#### [EXERCISE DATA]
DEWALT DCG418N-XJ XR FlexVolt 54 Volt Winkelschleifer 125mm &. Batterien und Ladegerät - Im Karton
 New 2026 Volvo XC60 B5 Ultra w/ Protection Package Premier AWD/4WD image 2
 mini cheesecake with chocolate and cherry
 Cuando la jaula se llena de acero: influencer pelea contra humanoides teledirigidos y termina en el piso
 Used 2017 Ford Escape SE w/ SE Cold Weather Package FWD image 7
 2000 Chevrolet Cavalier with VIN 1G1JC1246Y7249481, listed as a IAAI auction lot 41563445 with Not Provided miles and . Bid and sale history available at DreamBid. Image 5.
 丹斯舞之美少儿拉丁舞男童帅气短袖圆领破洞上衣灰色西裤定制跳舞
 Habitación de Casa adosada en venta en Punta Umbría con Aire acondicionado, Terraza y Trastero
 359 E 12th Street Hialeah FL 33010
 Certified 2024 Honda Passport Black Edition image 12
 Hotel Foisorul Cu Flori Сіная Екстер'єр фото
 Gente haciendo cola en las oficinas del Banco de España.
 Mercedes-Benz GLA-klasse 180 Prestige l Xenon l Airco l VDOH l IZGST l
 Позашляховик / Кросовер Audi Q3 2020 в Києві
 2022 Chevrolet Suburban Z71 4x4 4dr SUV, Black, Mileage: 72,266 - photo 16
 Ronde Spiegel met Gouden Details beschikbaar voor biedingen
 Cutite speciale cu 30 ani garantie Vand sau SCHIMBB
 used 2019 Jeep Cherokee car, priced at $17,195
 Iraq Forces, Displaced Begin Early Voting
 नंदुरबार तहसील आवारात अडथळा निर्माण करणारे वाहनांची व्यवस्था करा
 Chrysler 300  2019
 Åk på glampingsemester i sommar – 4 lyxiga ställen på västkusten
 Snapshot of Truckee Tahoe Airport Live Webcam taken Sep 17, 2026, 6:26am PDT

#### [EXERCISE PROMPT]
Would you retype the lines above from the one with "Ronde Spiegel met" down to the one with "Åk på glampingsemester", word for word, both ends included and no other lines?

#### [SOLUTION TO THE EXERCISE]
 Ronde Spiegel met Gouden Details beschikbaar voor biedingen
 Cutite speciale cu 30 ani garantie Vand sau SCHIMBB
 used 2019 Jeep Cherokee car, priced at $17,195
 Iraq Forces, Displaced Begin Early Voting
 नंदुरबार तहसील आवारात अडथळा निर्माण करणारे वाहनांची व्यवस्था करा
 Chrysler 300  2019
 Åk på glampingsemester i sommar – 4 lyxiga ställen på västkusten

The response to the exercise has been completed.